SELECT and WHERE side-by-side

The basic projection:

SELECT user_id, revenue FROM orders;
df[['user_id', 'revenue']]

Gotcha: in pandas, df['col'] returns a Series, but df[['col']] returns a DataFrame. The difference matters when you chain .merge() or pass the result to a function expecting a frame. One bracket gives you a vector, two brackets give you a table of one column.

The filter:

SELECT * FROM orders WHERE revenue > 1000 AND status = 'paid';
df[(df['revenue'] > 1000) & (df['status'] == 'paid')]

Three things to remember. First, parentheses around each condition are mandatory — operator precedence in pandas is not what your brain expects. Second, & is AND, | is OR, ~ is NOT. Using Python's and/or here raises a ValueError. Third, the SQL IN operator becomes .isin():

df[df['city'].isin(['New York', 'Berlin', 'Tokyo'])]

Sorting is mostly the same idea, but pandas takes a parallel list for direction:

SELECT * FROM orders ORDER BY revenue DESC, created_at ASC;
df.sort_values(['revenue', 'created_at'], ascending=[False, True])

Limit and offset:

SELECT * FROM orders LIMIT 10 OFFSET 5;
df.iloc[5:15]

df.head(10) works as a LIMIT 10 shortcut, but for offset you reach for .iloc[] slicing.

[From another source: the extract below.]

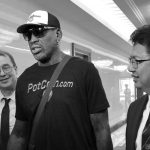 Former U.S. basketball star Dennis Rodman (C) arrives at Pyongyang's international airport, North Korea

This trips people up because Python slicing is half-open: iloc[5:15] is rows 5 through 14, not 5 through 15.

GROUP BY, HAVING, and aggregates

The bread-and-butter analyst pattern:

SELECT city, COUNT(*) AS cnt, AVG(revenue) AS avg_rev
FROM orders
GROUP BY city;
df.groupby('city').agg(
    cnt=('revenue', 'count'),
    avg_rev=('revenue', 'mean'),
).reset_index()

The .reset_index() matters. By default, groupby puts the grouping key into the index, not a column — fine for inspection in a notebook, annoying when you go to merge the result downstream. Always reset the index unless you have a reason not to.

For HAVING, the trick is that pandas has no direct equivalent. You group first, then filter the result:

SELECT city, COUNT(*) AS cnt
FROM orders
GROUP BY city
HAVING COUNT(*) > 100;
result = df.groupby('city').size().reset_index(name='cnt')
result[result['cnt'] > 100]

The two-step pattern feels verbose, but it is also what the SQL planner does under the hood. Knowing this makes "translate this SQL query to pandas" feel mechanical rather than creative.

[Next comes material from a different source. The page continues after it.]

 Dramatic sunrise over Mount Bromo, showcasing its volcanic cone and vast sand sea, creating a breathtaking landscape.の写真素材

The aggregation functions themselves map cleanly:

SQL Pandas
COUNT(*) .size()
COUNT(col) .count() (skips nulls)
SUM(col) .sum()
AVG(col) .mean()
MIN/MAX(col) .min() / .max()
STDDEV(col) .std()
COUNT(DISTINCT col) .nunique()

Sanity check: .size() counts all rows including nulls. .count() counts non-null values per column. If your row count looks too low after a group-by, you are probably using .count() on a column that has nulls.

JOIN and UNION

The basic left join:

SELECT o.*, u.name
FROM orders o
LEFT JOIN users u ON o.user_id = u.id;
df.merge(users, left_on='user_id', right_on='id', how='left')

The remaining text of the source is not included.